It was there, one fateful afternoon at Stoke Mandeville  Hospital, Aylesbury, at Wednesday afternoon social dancing she met our Papa, a handsome young Italian ward-orderly from the island of Ischia.  His name was Giovanni Mazzella, and he looked like Perry Como, the famous singer who was very popular at the time. They fell in love and after a courtship of three or so years got married.

Soon afterwards they left the hospital life and went into business together. Thanks to an inheritance of some money from Uncle Cecil and with papa’s advice they bought a business:  a small workers’ café called the Penguin Lounge in Surbiton, Surrey.  They lived on top of the café and were joined by Papa’s family from Italy.  Everyone worked together in the kitchen or front of house. They were also helped by members of Mum’s family from Burma.
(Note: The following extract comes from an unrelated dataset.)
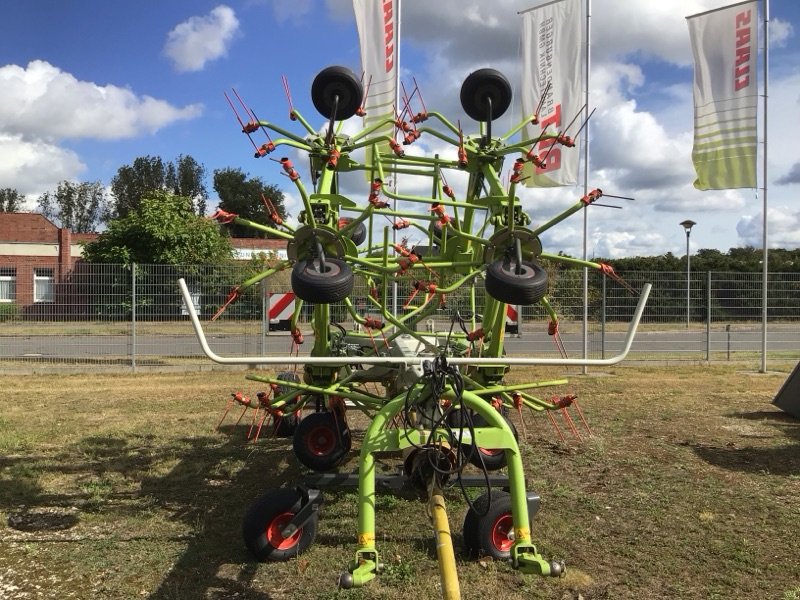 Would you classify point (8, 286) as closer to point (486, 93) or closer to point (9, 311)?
point (9, 311)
The twins, Paola and Giancarlo, were born, followed by another little one Francesco, and soon Papa and Mum were thinking seriously of settling in a warmer country. In the Sixties, the Australian Government were offering opportunities to people in Britain to settle in Australia, paying most of their fares as long as they stayed and gave it a go for two years.  After much bureaucratic hassle, they became “10 pound poms” ( except Papa who had to pay full fare of 67 pounds) and set off on a four week cruise down to the Southern Hemisphere on the good ship, The Orion, arriving in Perth in December of 1962.
Ann Mazzella

At first Papa worked as a waiter in Riverside Lodge and Mum was at home looking after us.  After many hours of double shifts, Papa had saved enough to buy a business, a café in the ten pin bowling alley, Fairlanes, in Adelaide Terrace, next to the ABC Radio Station.  Two more babies arrived – Antonio and Marco.  Mum and Papa worked in Fairlanes, balancing that with parenting five growing children.  After that Mum and Papa branched out and had another café with Zio Isidoro in The ten pin bowling alley in Mirrabooka, eventually selling both and going into business with Mum’s in-laws, Frank and Franca Danze at Quickstop Deli in Mirrabooka and finally retiring in the nineties.  After their retirement they got to enjoy some travel interstate and overseas to visit relatives and friends. 

In later years, Mum and Papa rescued a little feral kitten who was called Momo.  Momo was very fearful of everyone but was not afraid of Mum and used to sit on the chair next to mum listening to her playing the piano.  And when papa wanted to find Momo he would ask mum to play and like clockwork Momo would run in and sit next to Mum.

There are so many words to describe Mum and I won’t be able to tell them all but will try to do my best to open a small window to her qualities.

  1.  WORKED HARD

Mum wasn’t one to shirk. She threw herself in with gusto.  But no matter what she had to do and how hard it was, she would counter it with the words “Oh well, just b$#*y get on with it!”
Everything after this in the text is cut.